What you are asked to do - What you write must be the lines from the one holding "de la @ComunidadMadrid." through the final line of the records below, reproduced exactly, minus the pictures.

Collected data:
BEGIN

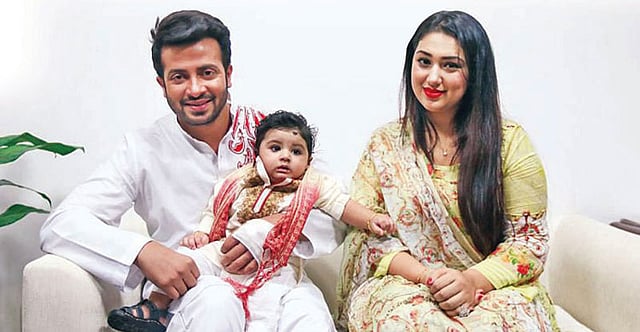 আব্রাম খানকে নিয়ে শাকিব খান ও অপু বিশ্বাস। ছবি: প্রথম আলো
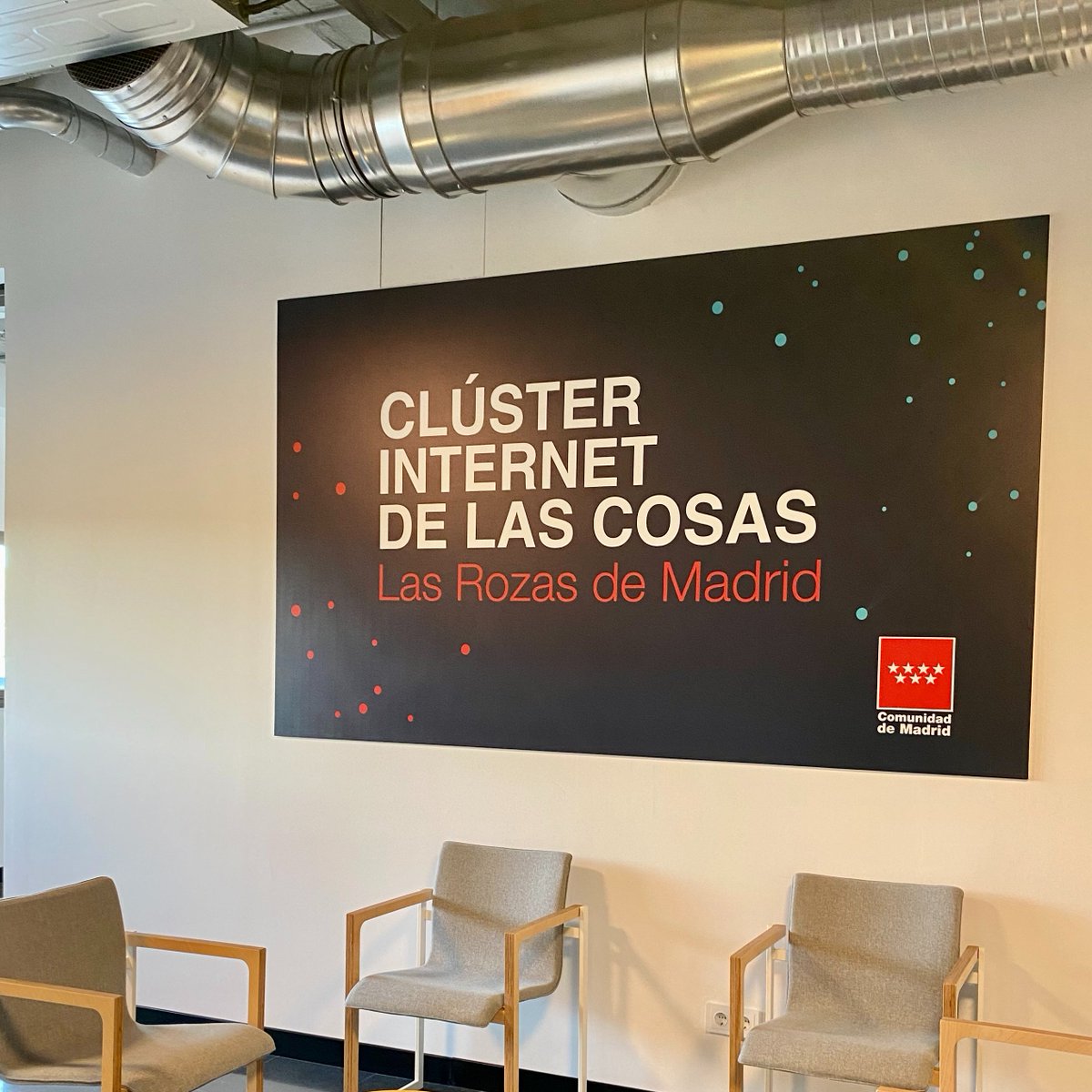 _CEIM_'s tweet photo. 📍 El director de la #OTPE de @_CEIM_ Jaime Velasco ha asistido a la reunión del Clúster de Inteligencia Artificial de la @ComunidadMadrid.
🎯Impulsar los proyectos de #IA, Blockchain, Internet de las Cosas y Transformación Digital y analizar los objetivos y las actividades para 2024.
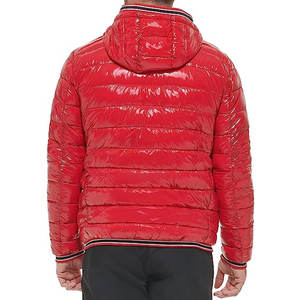 Veste matelassée en toile pour homme sur mesure OEM, rouge, brillant, imperméable, écologique, d'hiver, à capuche, isolée, pour l'extérieur - Product Image 3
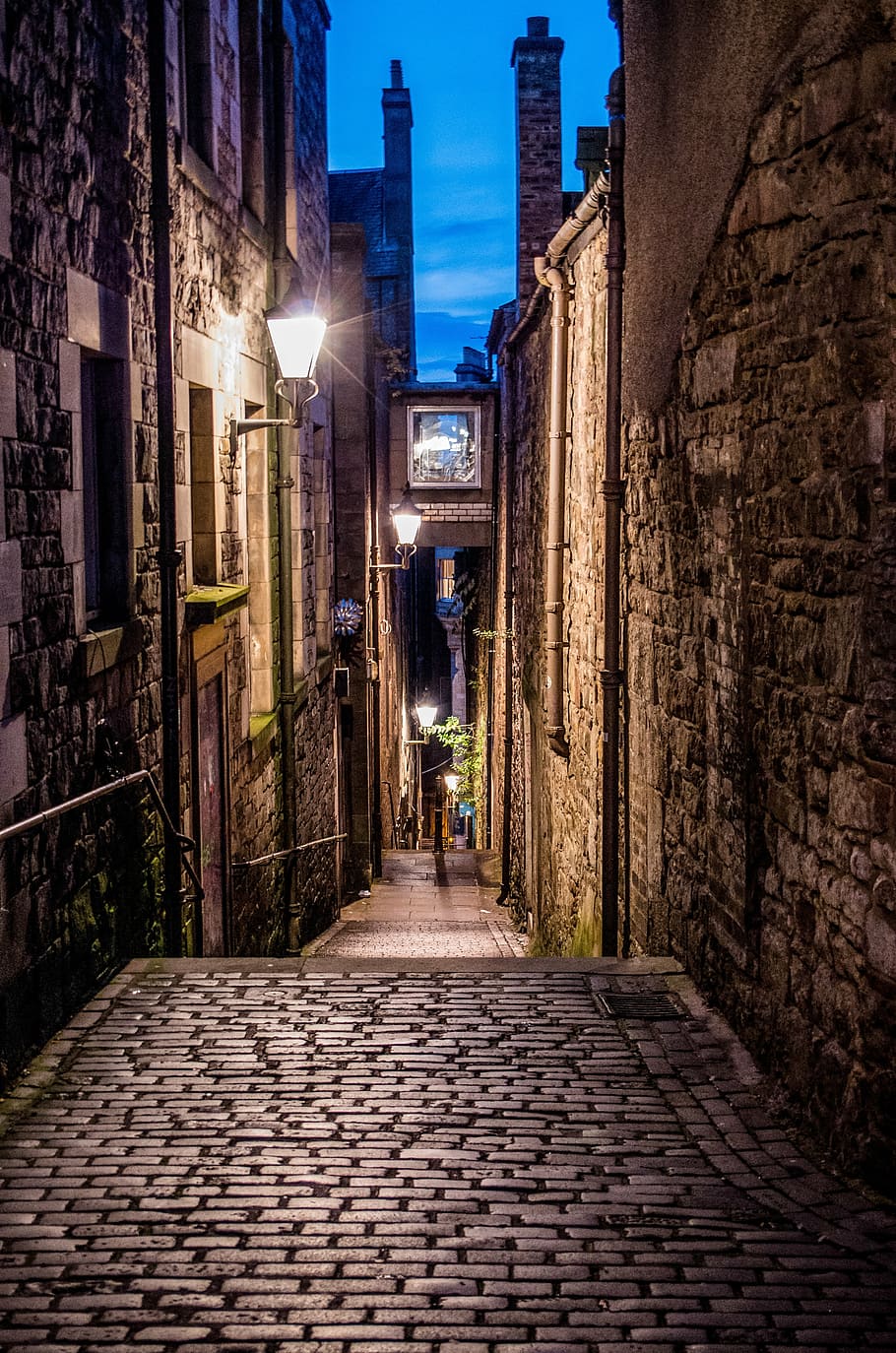910x1374 Cobblestone Alley Wallpaper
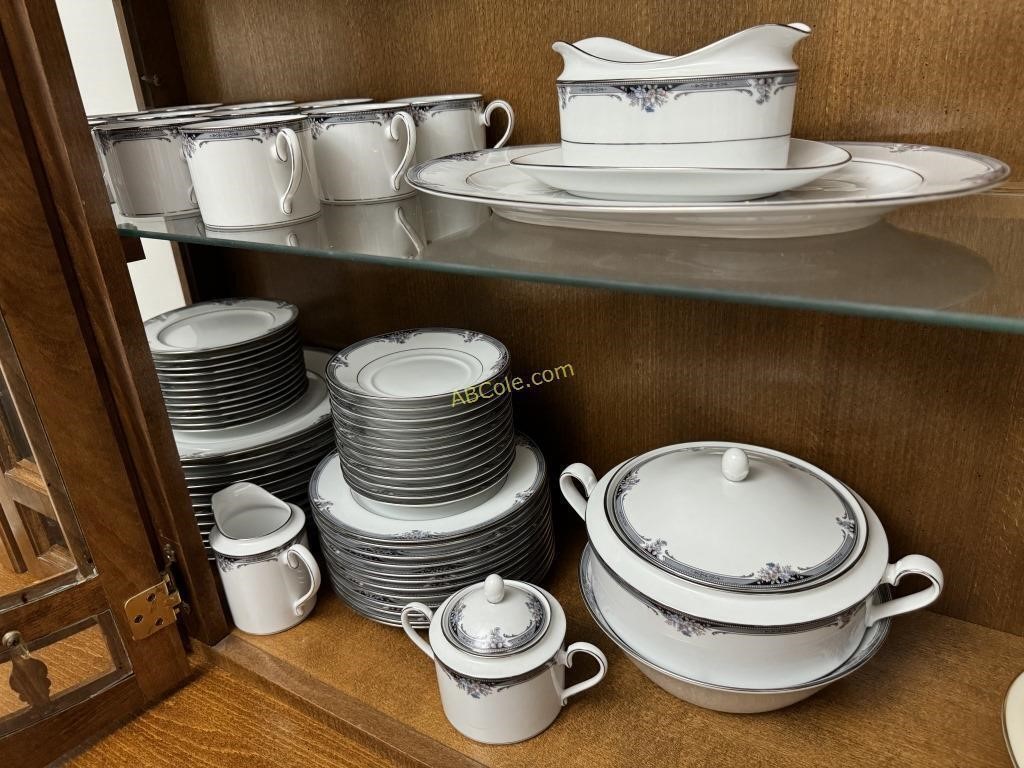 Noritake 66 pc. Set of fine china dinnerware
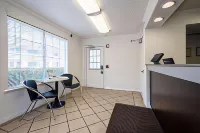 Studio 6 Roswell, GA - Atlanta Hotels in Roswell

END

Written answer -
 _CEIM_'s tweet photo. 📍 El director de la #OTPE de @_CEIM_ Jaime Velasco ha asistido a la reunión del Clúster de Inteligencia Artificial de la @ComunidadMadrid.
🎯Impulsar los proyectos de #IA, Blockchain, Internet de las Cosas y Transformación Digital y analizar los objetivos y las actividades para 2024.
 Veste matelassée en toile pour homme sur mesure OEM, rouge, brillant, imperméable, écologique, d'hiver, à capuche, isolée, pour l'extérieur - Product Image 3
910x1374 Cobblestone Alley Wallpaper
 Noritake 66 pc. Set of fine china dinnerware
 Studio 6 Roswell, GA - Atlanta Hotels in Roswell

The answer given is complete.